2019年03月08日(Fri)
一般社団法人の基金
一般社団法人に「基金」という制度があります。
私も今まで、この「基金」の制度を使った法人に関与したことはなかったのですが、最近、基金を使いたいという法人があったので、この一般社団法人の「基金」について、考えていきます。 |
1. 基金とは
一般社団法人の「基金」について、法務局のQ&Aでは、以下のように紹介されています。 http://www.moj.go.jp/MINJI/minji153.html#23 「基金」とは,一般社団法人に拠出された金銭その他の財産であって,当該一般社団法人が拠出者に対して法及び当該一般社団法人と当該拠出者との間の合意の定めるところに従い返還義務を負うものとされています。 基金は,一種の外部負債であり,基金の拠出者の地位は,一般社団法人の社員たる地位とは結び付いていません。 そのため,社員が基金の拠出者となること自体はもちろん可能ですし,社員が基金の拠出者にならないこともできます。 基金制度は,剰余金の分配を目的としないという一般社団法人の基本的性格を維持しつつ,その活動の原資となる資金を調達し,その財産的基礎の維持を図るための制度です。 一般社団法人及び一般財団法人に関する法律では,基金制度の採用は義務付けられておらず,基金制度を採用するかどうかは,一般社団法人の定款自治によることとなります。 また,基金として集めた金銭等の使途に法令上の制限はなく,一般社団法人の活動の原資として自由に活用することができます(なお,一般財団法人には基金の制度は設けられていません)。 2. 基金の性格 上記の法務局の説明から、一般社団法人の「基金」の性格について考えていきます。 @ 「基金」は、一般社団法人に拠出された金銭やそれ以外の財団だが、寄付でもらったものではなく、返還義務があります。 一般的に「●●基金」というと、資産(借方)の概念であることが多く、特定の目的や特定の人から寄付で受け取って、預貯金等を分別管理しているものであるケースが多いのですが、一般社団・財団法でいう「基金」はこれとは違い、返還義務がある負債であり、貸方の概念(どのような形で資金調達をしたのか)です。 A 基金を拠出することと、一般社団法人の議決権は結びついておらず、その意味では、議決権と結びついている、株式会社の「資本金」とも違います。 B それでは、どのような場合に、この基金が利用されるかというと、「剰余金の分配を目的としないという一般社団法人の基本的性格を維持しつつ,その活動の原資となる資金を調達し,その財産的基礎の維持を図るための制度です。

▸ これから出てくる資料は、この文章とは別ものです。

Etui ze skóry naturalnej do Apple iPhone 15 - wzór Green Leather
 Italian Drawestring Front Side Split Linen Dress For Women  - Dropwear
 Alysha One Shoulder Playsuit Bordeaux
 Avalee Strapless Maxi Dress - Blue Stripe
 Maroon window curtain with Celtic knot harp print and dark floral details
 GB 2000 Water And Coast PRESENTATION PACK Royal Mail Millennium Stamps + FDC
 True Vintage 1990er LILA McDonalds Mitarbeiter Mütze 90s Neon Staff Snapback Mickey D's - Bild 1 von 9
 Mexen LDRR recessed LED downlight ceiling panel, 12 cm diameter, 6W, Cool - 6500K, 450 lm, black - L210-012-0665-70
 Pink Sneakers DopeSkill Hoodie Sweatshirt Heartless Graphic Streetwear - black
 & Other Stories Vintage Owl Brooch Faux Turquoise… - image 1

」と書かれており、株式会社のような「資本金」という制度がない一般社団法人が、ある程度まとまったお金を資金調達するための方法として位置づけられています。 C このQ&Aには書かれていませんが、「基金」のもう一つの特色として、会計上は、「負債の部」には計上されず、正味財産としての扱いをすることです。 これは、「基金」が劣後債務であるため、その経済的特性に着目したためといわれています。 3. 基金が使われるケース このような性格を持つ「基金」がどのような場合に利用される可能性があるのか、考えてみたいと思います。 (1) 拠出者が望む場合 拠出者が「基金」として拠出することを望む場合を考えてみます。 おそらく「基金」という形で拠出することを望むのは、ある程度まとまった資金を拠出する企業であるケースが多いのではないかと思います。 なぜ、まとまった資金を拠出する企業が「基金」で出すことを望むのか、というと、次の理由が考えられるのではないかと思います。 @ 「寄付金」という形で拠出することは、会社にとって、費用計上することであり、大きな金額を出す場合には、かなり明確な理由がないと、通りにくい。 「基金」であれば、拠出者にとっては、将来返済される可能性があるので「資産」であり、財務諸表上も投資有価証券などと似たような扱いになり、出しやすいケースがある。 A 「基金」ではなく「貸付金」という形にしてしまうと、利息を取らなければいけないことや、返済計画などの説明も求められ、一般社団法人へお金を貸し付けるということは、やりにくい。 (2)一般社団法人側が望む場合 @ 一般社団法人側は、基本的には「寄付金」と受け取ることを望むでしょうが、「寄付金」だと出せる金額が限られるが、「基金」だと出せる金額が大きくなる、と拠出者から言われる場合も考えられると思います。 そのような場合には、「基金」は負債とはいえ、劣後債で、当分の間は返済することは求められないので、それなら「基金」で受けようというケースもあるのではないかと思います。 A 「基金」は貸借対照表では「正味財産」に分類されるので、金融機関からの借入などをおこなう一般社団法人にとっては、「長期借入金」などの負債で受けるよりも、貸借対照表の数字が良い数字になり、お金も借りやすくなるのではないか、と思います。